> [Problem to work on]
Below are some records. Return exactly the lines from the one with "Recently renovated Beach" to the one with "Mazda-CX-5-License-Plate-Light-Bulbs-Replacement-Guide-003", and nothing else.
Given data below:
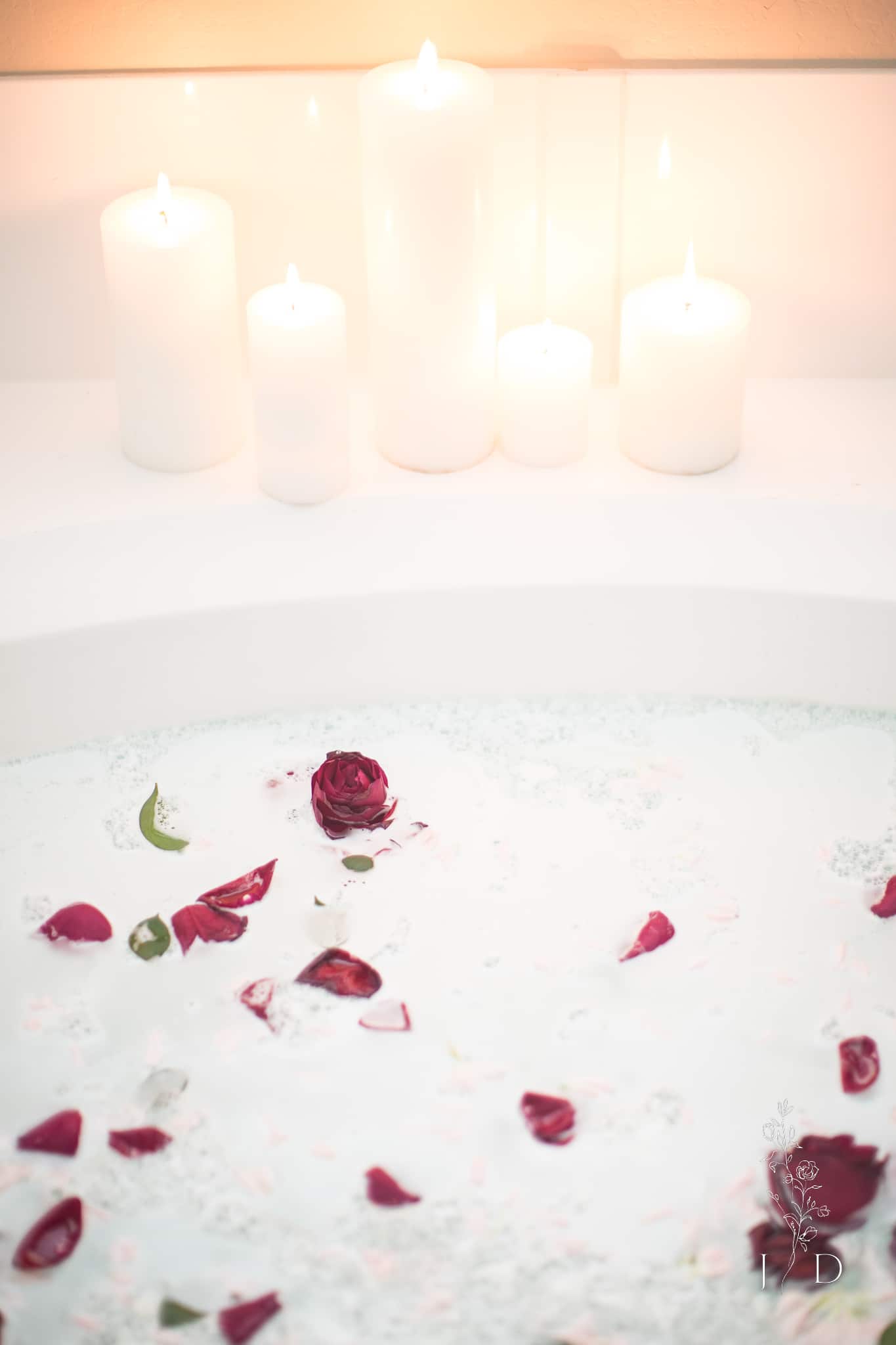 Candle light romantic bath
End of Given data.
Given data below:
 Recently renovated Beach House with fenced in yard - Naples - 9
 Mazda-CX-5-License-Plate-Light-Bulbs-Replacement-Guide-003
End of Given data.
> [Exercise answer]
 Recently renovated Beach House with fenced in yard - Naples - 9
 Mazda-CX-5-License-Plate-Light-Bulbs-Replacement-Guide-003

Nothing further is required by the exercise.